The testator Albert F. Rahfeldt was obviously a man of ability and experience. The will was carefully drawn and he made careful provision for all eight of his children. He had accumulated 800 acres of Story County land which, on the present market, would doubtless be worth over $300,000. The care with which the will was drawn would clearly indicate that if he did not intend Fred's children to receive their one-eighth share of the proceeds of the sale of the quarter section he would have added at the end of paragraph II three simple words "except Fred's children."

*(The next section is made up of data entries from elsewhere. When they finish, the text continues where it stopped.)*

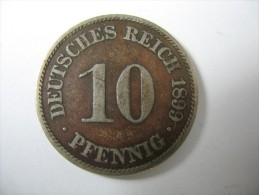 GERMANY  10 PFENNIIG 1899  A COPPER-NICKEL LOT 8 NUM 6 - 10 Pfennig
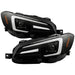 Spyder Apex LED Headlights w/ Black Base & Sequential Switch Back Light Bar 2015-2021 WRX LED Models Only - PRO-YD-SWRX15LEDAP-SBSEQ-BK - Subimods.com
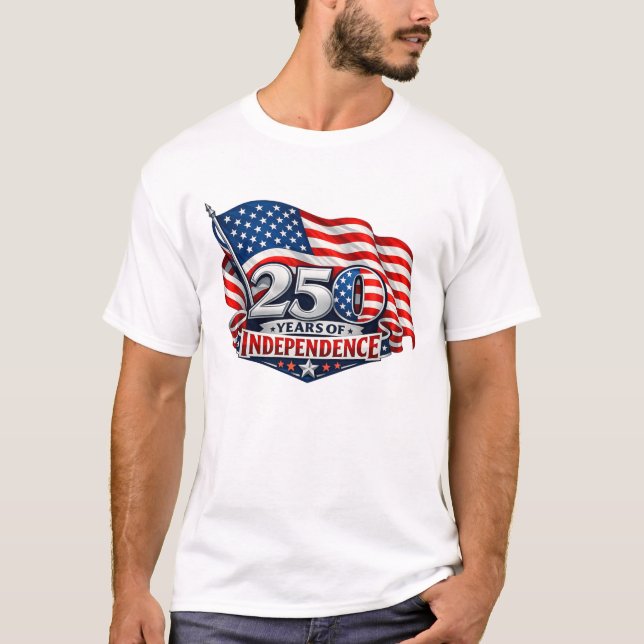 Camiseta 250 Anos de Independência Aniversário de 4 de Julh (Frente)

We considered a somewhat similar situation in Rodenburg v. Rodenburg, supra. Mr. John J. Rodenburg had accumulated a large acreage of land in Pottawattamie County. The question was whether or not under his will he intended to create a fee-simple title in certain land, if Hugo Rodenburg, one of his children, did not have issue until after his death. Hugo's child was born after death of testator. We held the time of Hugo having a child was not important and said that if the testator intended to exclude Hugo because he did not have a child until after testator's death he could very easily have added the words "at the time of my death" causing the provision in the will to read "If any of my children shall be without child or children (at the time of my death) then * * * such children * * * are given only a life estate." [247 Iowa 444, 74 N.W.2d 244.] We held the testator not having included such words the fact that Hugo had a child after his father's death was evidence of an intention under the will that Hugo should become the fee owner. We stated: "As to those to whom it applies it is satisfied by the birth of issue at any time."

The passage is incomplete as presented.